■ Aim of the exercise ■
Given the records below, the lines starting at the line with "Supersprint Edelstahl Duplex" and ending at the line with "Dog Grooming Scissors: 7.5" should be output exactly, both end lines kept and pictures left out.

■ Extracted records ■
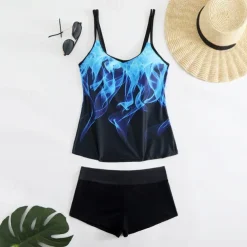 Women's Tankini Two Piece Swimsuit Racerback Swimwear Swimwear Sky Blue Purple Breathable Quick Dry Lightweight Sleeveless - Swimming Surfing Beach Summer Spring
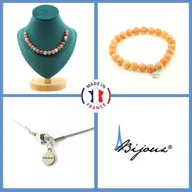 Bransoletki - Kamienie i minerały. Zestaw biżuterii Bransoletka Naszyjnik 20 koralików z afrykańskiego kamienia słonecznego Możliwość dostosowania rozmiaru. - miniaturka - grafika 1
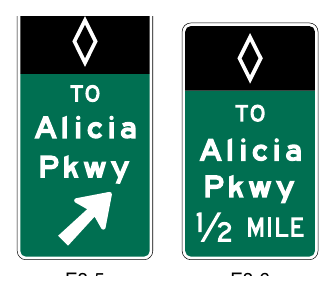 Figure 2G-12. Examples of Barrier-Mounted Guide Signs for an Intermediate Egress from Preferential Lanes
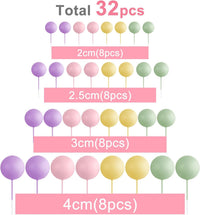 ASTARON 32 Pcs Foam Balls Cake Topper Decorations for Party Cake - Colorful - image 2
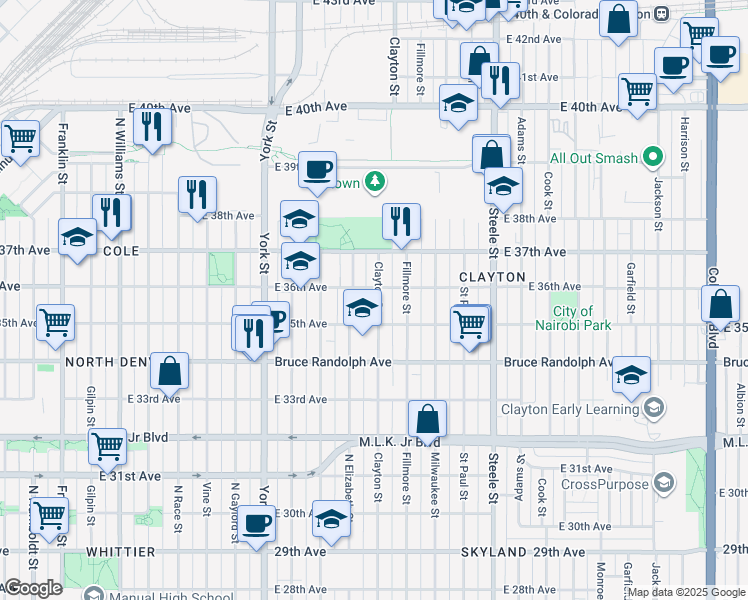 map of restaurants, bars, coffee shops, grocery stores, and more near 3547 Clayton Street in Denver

---

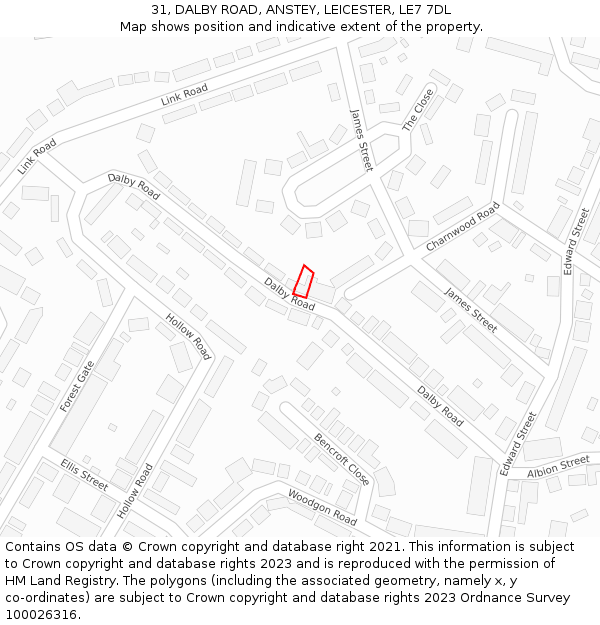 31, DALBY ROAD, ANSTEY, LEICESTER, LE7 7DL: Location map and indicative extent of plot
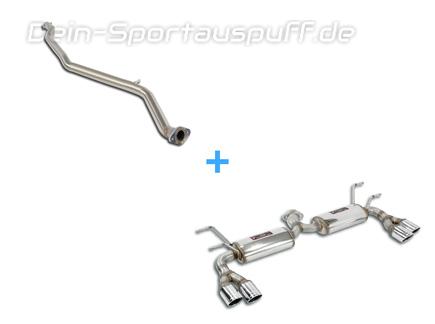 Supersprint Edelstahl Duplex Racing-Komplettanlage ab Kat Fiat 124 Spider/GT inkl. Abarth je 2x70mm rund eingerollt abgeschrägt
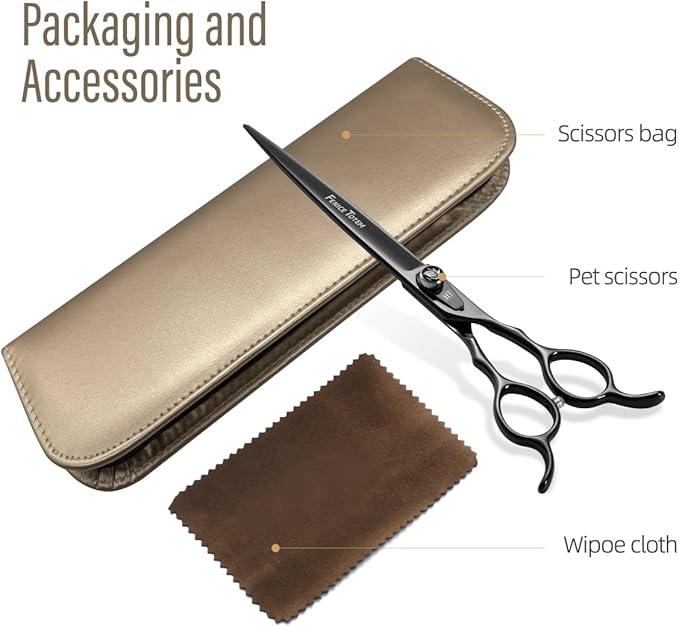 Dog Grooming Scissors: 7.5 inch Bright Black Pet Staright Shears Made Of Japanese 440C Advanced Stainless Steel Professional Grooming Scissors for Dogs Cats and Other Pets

■ Exercise solution ■
 Supersprint Edelstahl Duplex Racing-Komplettanlage ab Kat Fiat 124 Spider/GT inkl. Abarth je 2x70mm rund eingerollt abgeschrägt
 Dog Grooming Scissors: 7.5 inch Bright Black Pet Staright Shears Made Of Japanese 440C Advanced Stainless Steel Professional Grooming Scissors for Dogs Cats and Other Pets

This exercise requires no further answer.